* Instructions for the task: All entries are to be quoted exactly; the images stay out of the copy.
Dataset section start
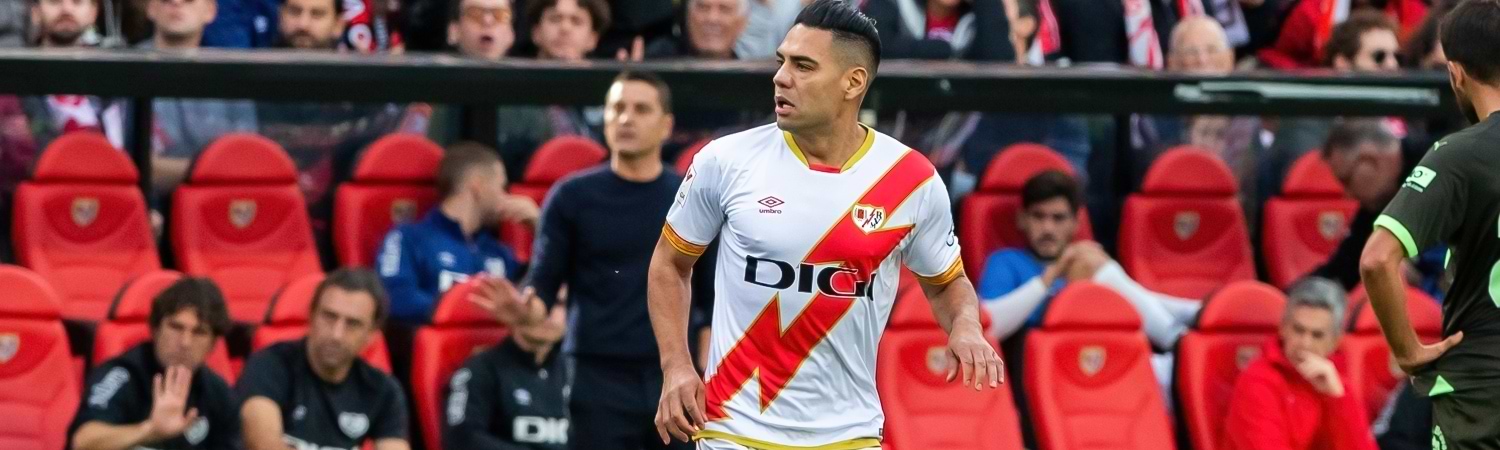 Radamel Falcao - Preparandose para entrar a partido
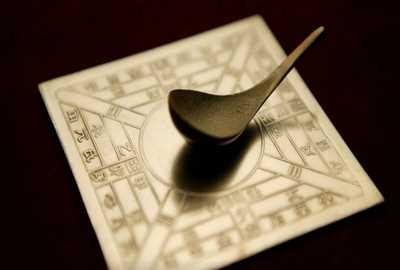 指南針又叫什么名字,中國最早的指南針也被稱(chēng)為什么名字呢圖2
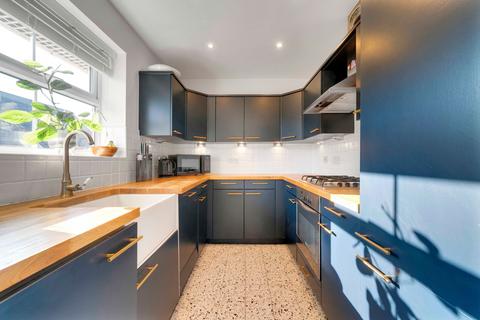 30 Hayes Grove, London, SE22 8DF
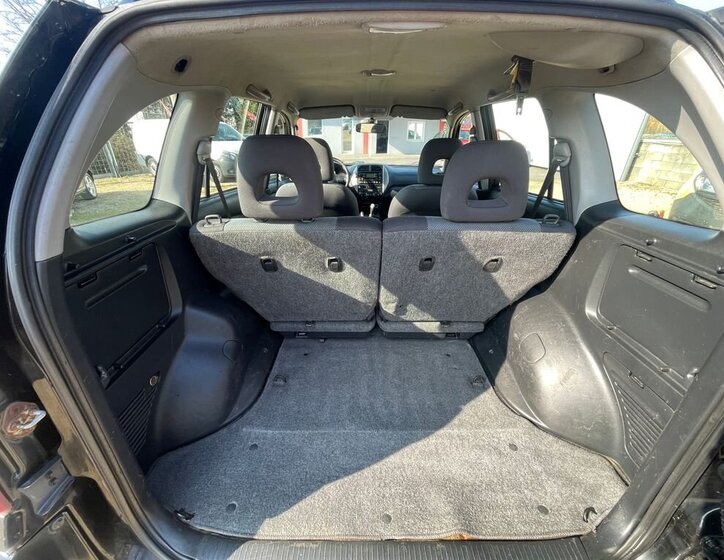 Toyota RAV4 SUV / Terénní 2,0 l 85 kw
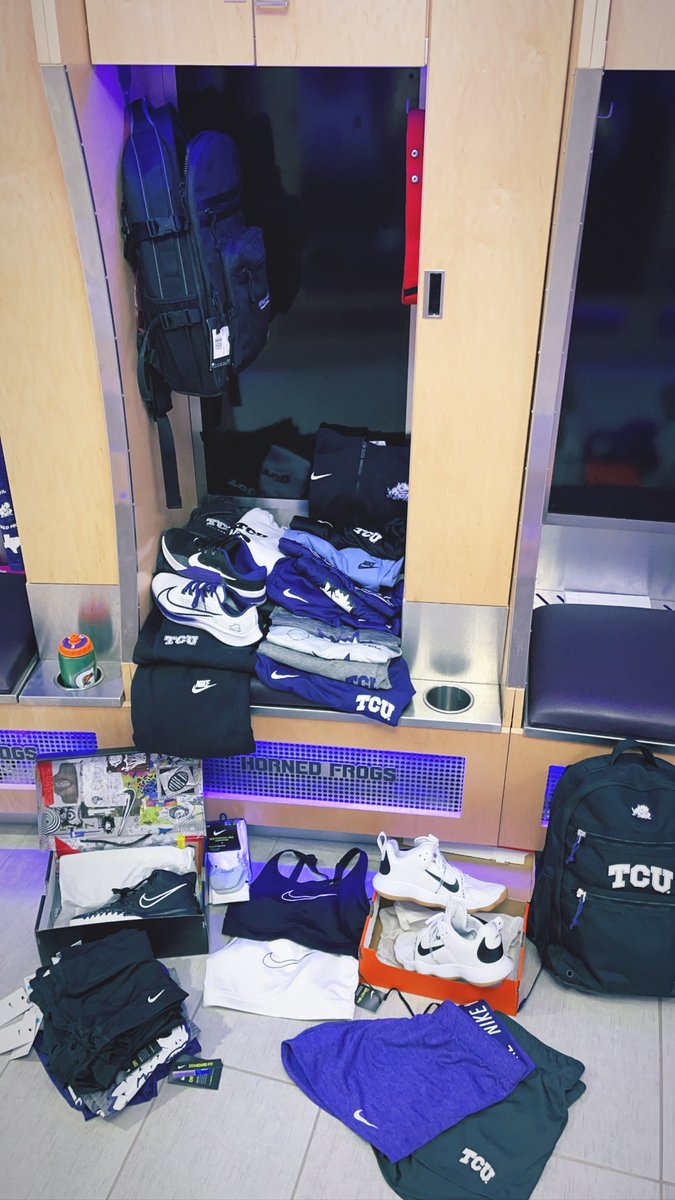 carleepharris12's tweet image. Happy National Girls &amp;amp; Women in Sports day! I have been blessed to have been trained, recruited &amp;amp; mentored by some incredible women. It is EMPOWERING to know that as a college athlete I too have the tools to make a difference in this sport! Already loving this new journey! #go🐸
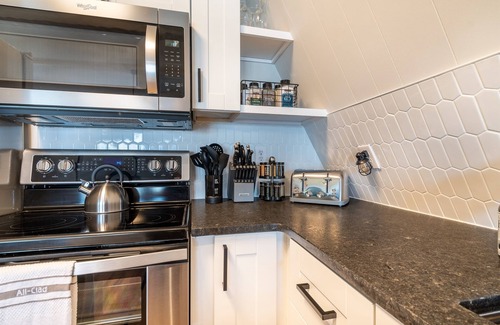 Mount Mourne House | Lake Escape's Water's Edge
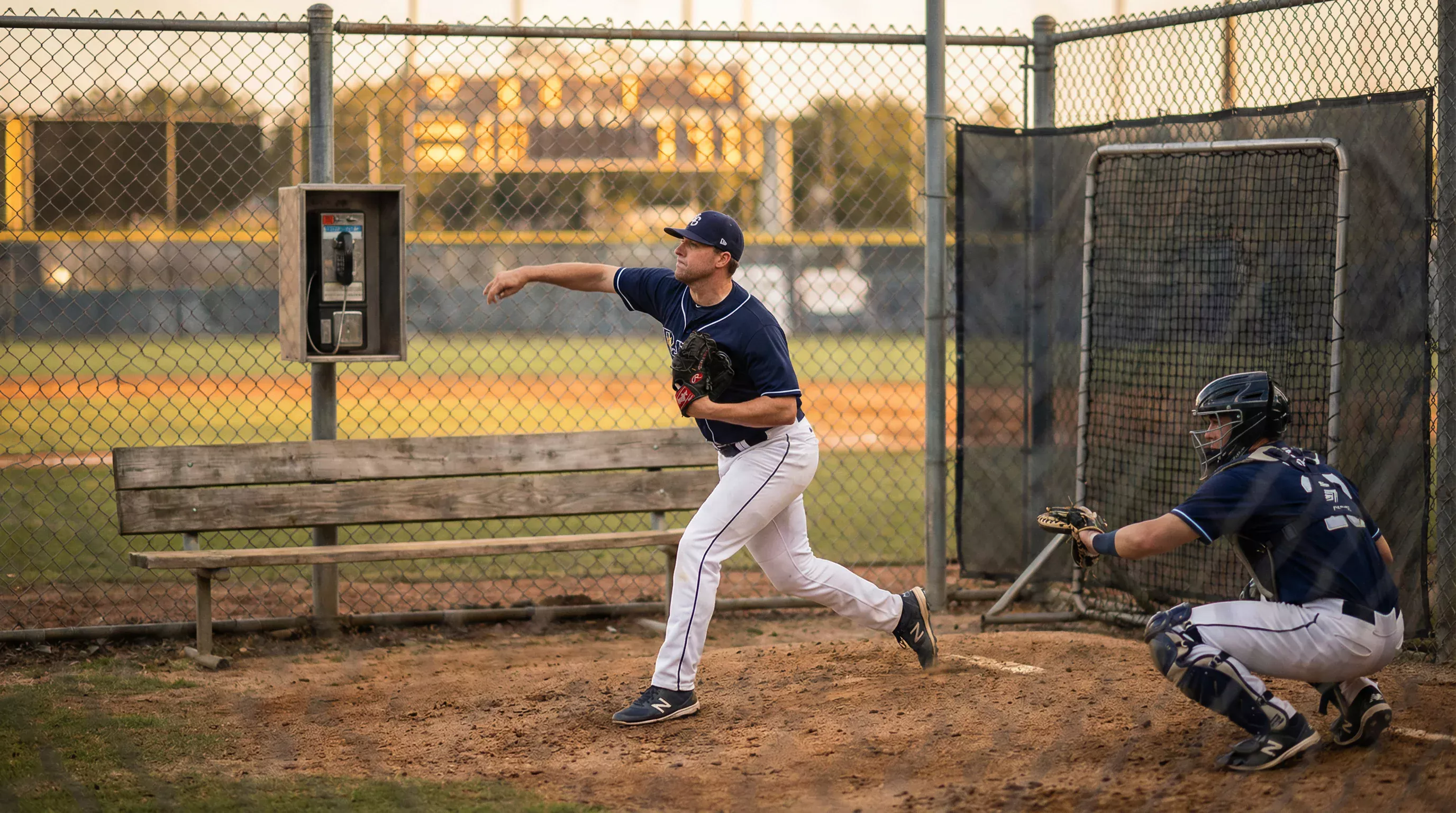 Releveur de baseball s'échauffant dans le bullpen avant d'entrer en jeu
Dataset section end
* Exercise output:
 Radamel Falcao - Preparandose para entrar a partido
 指南針又叫什么名字,中國最早的指南針也被稱(chēng)為什么名字呢圖2
 30 Hayes Grove, London, SE22 8DF
 Toyota RAV4 SUV / Terénní 2,0 l 85 kw
 carleepharris12's tweet image. Happy National Girls &amp;amp; Women in Sports day! I have been blessed to have been trained, recruited &amp;amp; mentored by some incredible women. It is EMPOWERING to know that as a college athlete I too have the tools to make a difference in this sport! Already loving this new journey! #go🐸
 Mount Mourne House | Lake Escape's Water's Edge
 Releveur de baseball s'échauffant dans le bullpen avant d'entrer en jeu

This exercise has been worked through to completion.